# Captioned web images
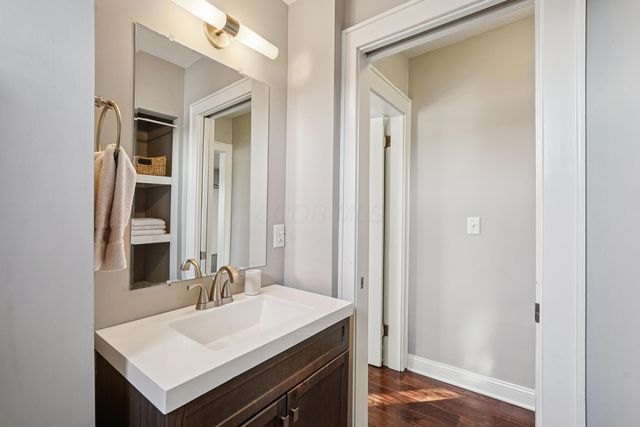 1081 Northwest Boulevard, 2, Columbus, OH 43212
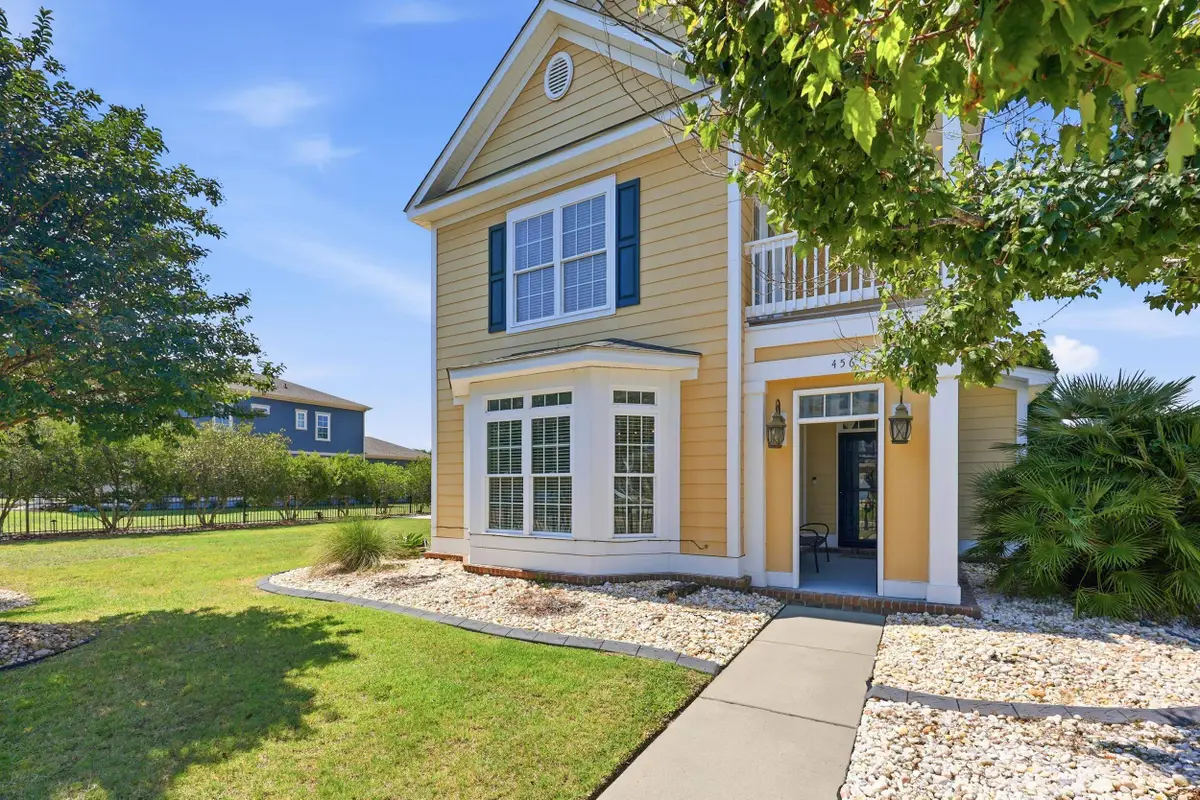 456 Saint Julian Ln., Myrtle Beach, SC 29579 - #1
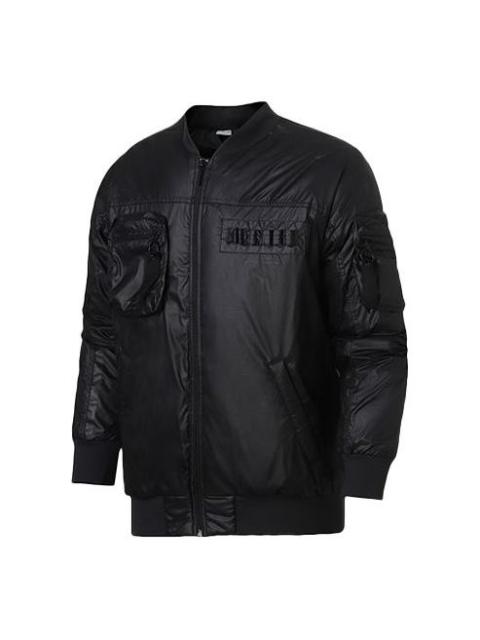 Puma Pace Lab Down Bomber 'Black' 577705-01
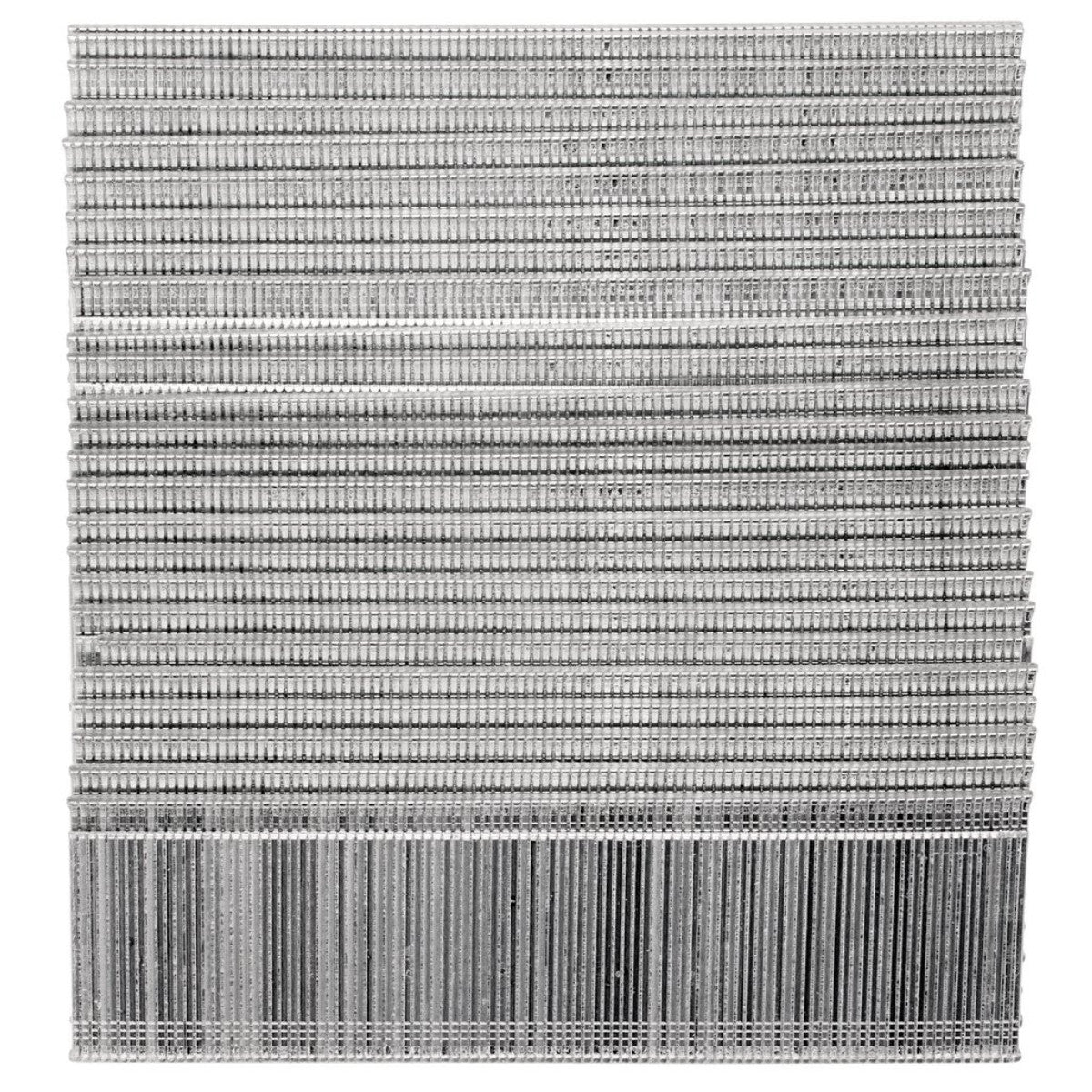 Draper Brad Nails, 18 Gauge, 35mm (Pack of 5000) 13160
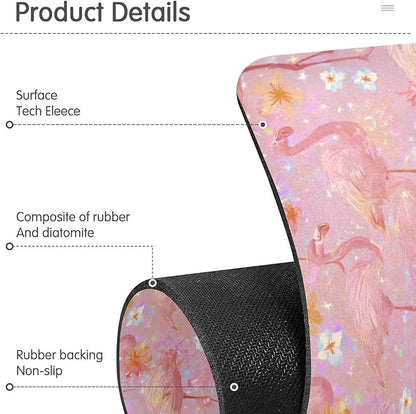 Kitchen Sink Splash Guard 1 PC 14.7 Inch Sink Faucet Mat Splash Guard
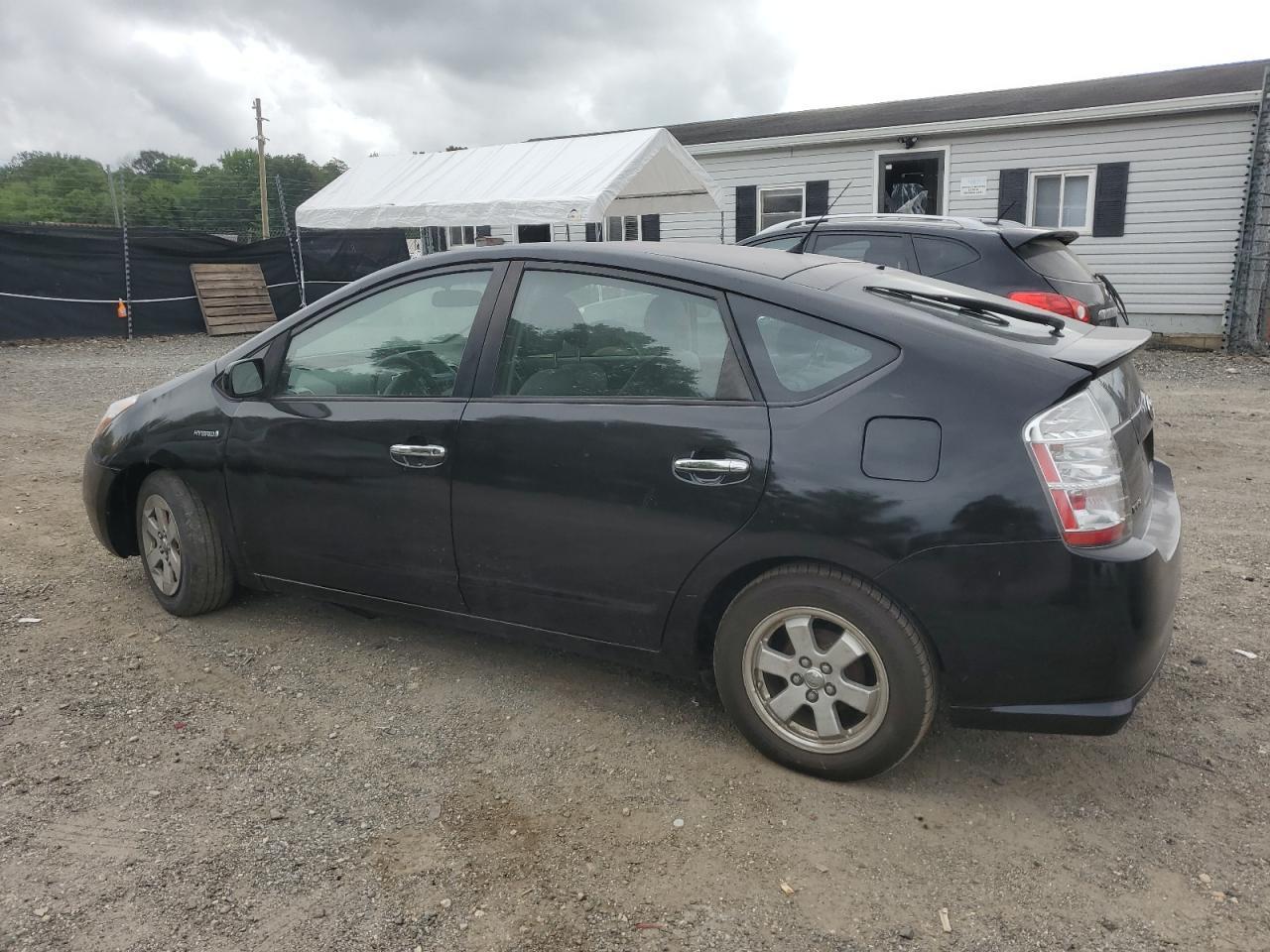 2007 Toyota Prius - Фото 2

# WORK TO COMPLETE
Please write out all of the data verbatim, with no pictures in the copy.

# REPLY TO THE EXERCISE
 1081 Northwest Boulevard, 2, Columbus, OH 43212
 456 Saint Julian Ln., Myrtle Beach, SC 29579 - #1
 Puma Pace Lab Down Bomber 'Black' 577705-01
 Draper Brad Nails, 18 Gauge, 35mm (Pack of 5000) 13160
 Kitchen Sink Splash Guard 1 PC 14.7 Inch Sink Faucet Mat Splash Guard
 2007 Toyota Prius - Фото 2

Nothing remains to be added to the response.